BRIEF » With the line containing "xiaomi redmi note" as the starting point, write out each line exactly through the final line of the listing, both ends included.

SUPPLIED RECORDS »
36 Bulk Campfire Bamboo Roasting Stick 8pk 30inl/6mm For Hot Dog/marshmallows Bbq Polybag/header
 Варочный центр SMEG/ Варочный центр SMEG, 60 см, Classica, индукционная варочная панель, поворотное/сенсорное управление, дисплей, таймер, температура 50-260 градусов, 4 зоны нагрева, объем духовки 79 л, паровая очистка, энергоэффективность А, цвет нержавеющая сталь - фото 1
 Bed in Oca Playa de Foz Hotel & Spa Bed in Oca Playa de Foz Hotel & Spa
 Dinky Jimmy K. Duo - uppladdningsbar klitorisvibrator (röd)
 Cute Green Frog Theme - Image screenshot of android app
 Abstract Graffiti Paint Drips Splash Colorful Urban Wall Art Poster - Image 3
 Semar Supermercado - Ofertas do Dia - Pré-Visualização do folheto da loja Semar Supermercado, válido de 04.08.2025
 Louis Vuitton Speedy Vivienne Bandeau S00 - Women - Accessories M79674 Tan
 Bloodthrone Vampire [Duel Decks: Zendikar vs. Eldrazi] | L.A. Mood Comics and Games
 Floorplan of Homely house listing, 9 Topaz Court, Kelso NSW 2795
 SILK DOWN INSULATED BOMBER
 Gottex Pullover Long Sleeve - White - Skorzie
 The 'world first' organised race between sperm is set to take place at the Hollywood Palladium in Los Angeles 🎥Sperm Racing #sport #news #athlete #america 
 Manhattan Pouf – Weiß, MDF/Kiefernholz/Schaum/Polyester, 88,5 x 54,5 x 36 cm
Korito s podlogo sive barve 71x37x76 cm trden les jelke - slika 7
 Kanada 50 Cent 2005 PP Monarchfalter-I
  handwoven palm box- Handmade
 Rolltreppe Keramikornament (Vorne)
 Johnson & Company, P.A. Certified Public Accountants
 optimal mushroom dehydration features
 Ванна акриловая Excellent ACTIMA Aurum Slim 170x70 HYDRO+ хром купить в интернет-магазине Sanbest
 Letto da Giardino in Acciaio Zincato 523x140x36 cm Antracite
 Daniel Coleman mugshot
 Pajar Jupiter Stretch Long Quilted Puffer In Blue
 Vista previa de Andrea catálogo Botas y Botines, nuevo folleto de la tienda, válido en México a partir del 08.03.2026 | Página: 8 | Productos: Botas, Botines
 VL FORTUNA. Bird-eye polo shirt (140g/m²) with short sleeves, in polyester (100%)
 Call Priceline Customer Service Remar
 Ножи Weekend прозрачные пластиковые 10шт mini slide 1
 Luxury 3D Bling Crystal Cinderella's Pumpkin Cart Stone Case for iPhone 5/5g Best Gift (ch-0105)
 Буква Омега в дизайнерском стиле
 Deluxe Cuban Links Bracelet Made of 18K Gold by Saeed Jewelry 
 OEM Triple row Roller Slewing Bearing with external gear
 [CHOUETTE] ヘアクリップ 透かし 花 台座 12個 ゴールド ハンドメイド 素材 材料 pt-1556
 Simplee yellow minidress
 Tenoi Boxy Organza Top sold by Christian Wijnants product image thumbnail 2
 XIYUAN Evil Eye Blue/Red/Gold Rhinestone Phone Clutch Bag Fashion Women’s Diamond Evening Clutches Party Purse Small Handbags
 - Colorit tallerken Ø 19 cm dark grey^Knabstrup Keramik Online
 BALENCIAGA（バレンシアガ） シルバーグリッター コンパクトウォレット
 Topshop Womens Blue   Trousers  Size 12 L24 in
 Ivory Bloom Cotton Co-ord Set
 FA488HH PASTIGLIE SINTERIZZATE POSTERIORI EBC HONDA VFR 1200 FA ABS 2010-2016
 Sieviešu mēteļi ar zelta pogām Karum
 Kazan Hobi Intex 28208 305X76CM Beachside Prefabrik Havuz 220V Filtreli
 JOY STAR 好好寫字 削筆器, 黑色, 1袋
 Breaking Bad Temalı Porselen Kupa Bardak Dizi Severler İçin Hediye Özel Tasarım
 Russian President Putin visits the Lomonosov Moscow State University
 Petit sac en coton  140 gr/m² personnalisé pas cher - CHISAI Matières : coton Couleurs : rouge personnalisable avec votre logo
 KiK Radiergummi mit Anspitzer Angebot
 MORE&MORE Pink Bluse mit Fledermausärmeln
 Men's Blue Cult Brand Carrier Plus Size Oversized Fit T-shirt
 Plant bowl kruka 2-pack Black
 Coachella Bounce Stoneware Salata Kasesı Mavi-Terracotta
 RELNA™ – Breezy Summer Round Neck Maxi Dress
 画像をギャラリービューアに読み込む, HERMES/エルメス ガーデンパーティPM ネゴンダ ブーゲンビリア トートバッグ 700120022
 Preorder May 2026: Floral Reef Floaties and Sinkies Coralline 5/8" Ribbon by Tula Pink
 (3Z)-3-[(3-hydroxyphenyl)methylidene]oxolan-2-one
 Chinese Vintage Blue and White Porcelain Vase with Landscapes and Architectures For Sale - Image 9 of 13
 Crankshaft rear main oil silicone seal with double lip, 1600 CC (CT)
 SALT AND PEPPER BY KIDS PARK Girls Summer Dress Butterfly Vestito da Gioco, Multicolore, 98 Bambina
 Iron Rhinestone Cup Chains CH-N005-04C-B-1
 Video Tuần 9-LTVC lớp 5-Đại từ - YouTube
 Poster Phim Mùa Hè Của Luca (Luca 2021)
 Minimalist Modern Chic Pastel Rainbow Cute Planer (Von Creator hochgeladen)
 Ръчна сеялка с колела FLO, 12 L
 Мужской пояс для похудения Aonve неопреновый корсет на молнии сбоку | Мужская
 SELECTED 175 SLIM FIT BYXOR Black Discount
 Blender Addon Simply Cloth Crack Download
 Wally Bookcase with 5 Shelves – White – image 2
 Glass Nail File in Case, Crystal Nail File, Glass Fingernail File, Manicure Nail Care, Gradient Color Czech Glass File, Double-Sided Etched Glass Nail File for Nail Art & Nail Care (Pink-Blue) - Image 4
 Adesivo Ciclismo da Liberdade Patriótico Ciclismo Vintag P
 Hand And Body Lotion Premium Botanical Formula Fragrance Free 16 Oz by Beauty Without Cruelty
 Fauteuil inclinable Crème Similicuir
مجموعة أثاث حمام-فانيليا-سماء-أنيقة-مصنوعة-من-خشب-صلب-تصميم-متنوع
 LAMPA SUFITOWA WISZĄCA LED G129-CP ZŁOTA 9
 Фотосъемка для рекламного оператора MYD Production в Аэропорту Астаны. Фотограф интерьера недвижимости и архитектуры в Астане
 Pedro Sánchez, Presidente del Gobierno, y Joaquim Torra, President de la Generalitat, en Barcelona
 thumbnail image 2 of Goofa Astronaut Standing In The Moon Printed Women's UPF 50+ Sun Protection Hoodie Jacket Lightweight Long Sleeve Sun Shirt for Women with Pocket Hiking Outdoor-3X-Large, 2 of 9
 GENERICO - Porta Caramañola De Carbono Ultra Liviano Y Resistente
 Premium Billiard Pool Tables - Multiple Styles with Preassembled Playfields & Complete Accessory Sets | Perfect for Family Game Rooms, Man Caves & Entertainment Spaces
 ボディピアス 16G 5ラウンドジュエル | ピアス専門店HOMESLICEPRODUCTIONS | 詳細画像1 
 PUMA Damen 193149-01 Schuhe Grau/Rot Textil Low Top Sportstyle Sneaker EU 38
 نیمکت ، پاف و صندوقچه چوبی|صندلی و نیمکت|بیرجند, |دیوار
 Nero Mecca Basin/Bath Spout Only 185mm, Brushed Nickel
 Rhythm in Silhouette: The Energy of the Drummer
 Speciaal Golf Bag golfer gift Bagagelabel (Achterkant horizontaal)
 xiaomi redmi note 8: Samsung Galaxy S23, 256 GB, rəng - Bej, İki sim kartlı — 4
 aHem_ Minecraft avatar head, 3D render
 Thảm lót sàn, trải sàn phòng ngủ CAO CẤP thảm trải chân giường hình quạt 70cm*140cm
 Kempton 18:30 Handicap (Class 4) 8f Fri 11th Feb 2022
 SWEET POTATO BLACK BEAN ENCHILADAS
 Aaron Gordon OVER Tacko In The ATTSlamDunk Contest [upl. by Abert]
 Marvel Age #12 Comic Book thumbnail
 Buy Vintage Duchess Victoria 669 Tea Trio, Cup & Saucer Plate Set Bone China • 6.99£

WRITTEN ANSWER »
 xiaomi redmi note 8: Samsung Galaxy S23, 256 GB, rəng - Bej, İki sim kartlı — 4
 aHem_ Minecraft avatar head, 3D render
 Thảm lót sàn, trải sàn phòng ngủ CAO CẤP thảm trải chân giường hình quạt 70cm*140cm
 Kempton 18:30 Handicap (Class 4) 8f Fri 11th Feb 2022
 SWEET POTATO BLACK BEAN ENCHILADAS
 Aaron Gordon OVER Tacko In The ATTSlamDunk Contest [upl. by Abert]
 Marvel Age #12 Comic Book thumbnail
 Buy Vintage Duchess Victoria 669 Tea Trio, Cup & Saucer Plate Set Bone China • 6.99£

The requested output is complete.